I would like to check for the value of a node attribute. This case statement is what I have so far, and it works:
case node[:languages][:ruby][:host_cpu]
when "x86_64"
...
when "i686"
...
end
What I would like to do is use an if statement instead. This is what I tried:
if node[:languages][:ruby][:host_cpu]?("X86_64")
...
end
This is based on the following, Which worked.
if platform?("ubuntu")
...
end
However, my try didn't work. it gave a syntax error on the if line saying that there was an unexpected \n and $end was expected.
I found that there are two kinds of ways of performing an if. The first being the one I demonstrated above, which (apparently) only works with resources, and if_only, which works with nodes. like so
if_only {node[:languages]}
which seems to work only for checking the presence of nodes, and within a do context.
How do I check the value of a node using an if statement? One method does check values, but only of resources, the other checks nodes, but only for their presence, and not their values.
You are mixing up way to many different variants for conditionals, most of which are part of Chef, not Ruby.
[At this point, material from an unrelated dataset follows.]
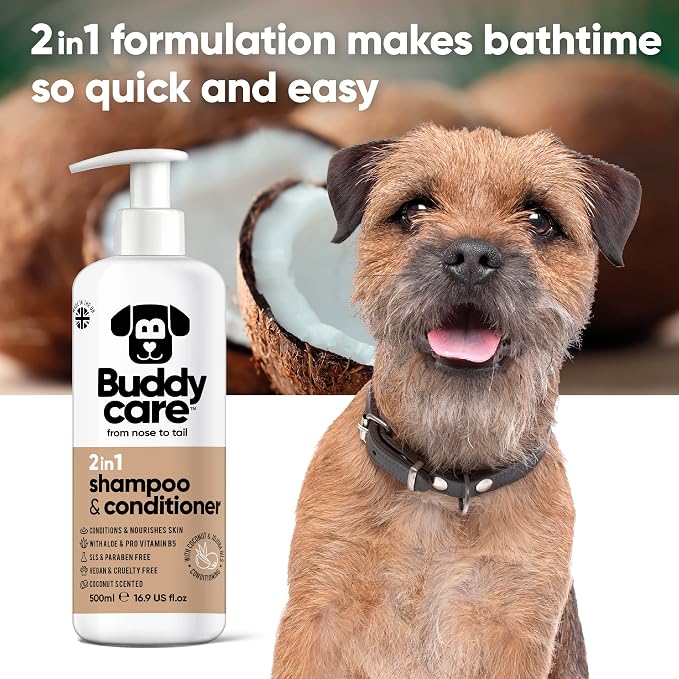 Buddycare 2in1 Dog Shampoo and Conditioner (16.90oz) | Coconut Scented Dog Shampoo Sensitive Skin | Hypoallergenic Itch Relief for Smelly Dogs | Essential Dog Grooming Supplies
Let me try to describe the different options one by one.
Generally, a case is roughly comparable to a series of if and elsif statements. Your case above
case node[:languages][:ruby][:host_cpu]
when "x86_64"
...
when "i686"
...
end
is thus roughly equivalent to
if node[:languages][:ruby][:host_cpu] == "x86_64"
...
elsif node[:languages][:ruby][:host_cpu] == "i686"
...
end
As a side remark, case actually uses the === operator which is often not commutative but more powerful. For simple comparisons it works the same as == though. Both these variants are part of the Ruby language, in which you write your cookbooks.
The other options you mentioned are actually part of the API which Chef defined on top of Ruby. This is often called the Chef DSL (which stands for Domain Specific Language, i.e. an extension or adaption of a language, in this case Ruby for a specific usage domain, in this case configuration management.)
The platform? method is a method defined by Chef that checks whether the curent platform is one of the passed values. You can read more about that (and similar methods, e.g. the now recommended platform_family? method at the Chef docs for recipes in general and some often used ruby idioms.
As a side-remark: you might be surprised by the fact that Ruby allows the ? and ! characters to appear at the end of method names, which makes Ruby rather unique among similar languages in this regard. These characters are simply part of the method name and have no special meaning to the language. They are only used by convention to programmers to better identify the purpose of a method. If a method has a ? at the end, it is to be used to check some condition and is expected to return either a truthy or falsy value. Methods with a ! at the end often perform some potentially dangerous operation, e.g. change object in place, delete stuff, ... Again, this is only a convention and is not interpreted by the language.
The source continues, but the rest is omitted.